De rabattre l’orgueil de ce fier adversaire.
Mais Roger, point au vif d’une juste colere,
Crie apres son harnois, au combat animé.
Et n’a presque loisir de se voir tout armé.
Chacun pour l’assister soudain se met en place ;
Marfize et Bradamant luy vestent la cuirasse.
Charles luy ceint l’espée, et Naismes et Oger
Faisoient autour du camp tout le peuple ranger.

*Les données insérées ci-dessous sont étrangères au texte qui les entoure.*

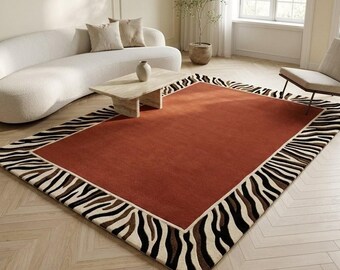 Zebra Border Area Rug, Terracotta Rust Rug, Black Ivory Animal Print Rug, Modern Luxury Living Room Carpet, 8×10, 9×12, 10×14, 12×15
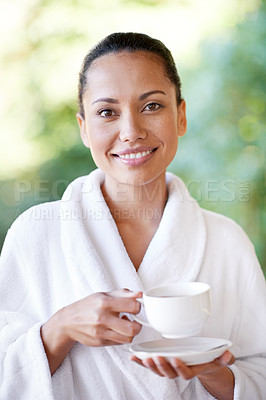 Buy stock photo Woman, relax and portrait at spa with coffee, hotel and bathrobe from wellness and skincare treatment. Espresso, happy and smile from tea cup and health with hospitality at lodge with luxury and care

Renaud tient son cheval, qui bat du pié la terre
Qui blanchist tout son mors, qui le masche et qui serre
Aucunesfois l’oreille, et d’un hannissement
Temoigne que la guerre est son esbatement.
Roger monte dessus, et Dudon qui s’avance
À chacun des guerriers baille une forte lance,
De pareille grosseur, de force et de grandeur.
Lors des deux bouts du champ s’avancent de roideur,
Ne plus ne moins qu’on voit dedans un gras herbage
Deux toreaux eschauffez de l’amoureuse rage,
S’éloigner l’un de l’autre et tourner bravement,
Laissans tout le troupeau saisi d’estonnement.
Les dames, cependant, aussi mortes que vives,
D’un si soudain effroy tremblent toutes craintives,
De la sorte qu’on voit les colombes en l’air,
Qui tout en un instant ne sçavent où voler,
Quand l’émeute des vents, la gresle et la tempeste
Les estonne et surprend, voulant faire leur queste.
Chacun tressaut de crainte et pallist pour Roger,
Voyant le fier semblant du superbe estranger,
Qui pique en l’abordant ; sous luy la terre tremble.
Et croit-on que le ciel à l’abisme s’assemble.
Roger vient d’autre part, qui fait bruit en courant,
Comme le flot grondant d’un superbe torrent.
À ce terrible choc, les deux lances baissées
Jusques dans la poignée éclaterent froissées.
Mais les coups sont divers : Rodomont, qui donna
Dans l’écu de Roger, seulement l’estonna
De la force du coup, sans luy faire nuisance ;
Car l’écu qui s’oppose au fer fit resistance.
Roger semblablement dans l’écu s’adressa,
Mais le coup fut si grand, qu’en outre il le faulsa,
Bien qu’il fust bon et fort, et que la couverture
Fust d’un acier luisant, bien trempée et bien dure ;
Et ne fust que du coup Roger brisa son bois,
Il luy perçoit tout net le corps et le harnois.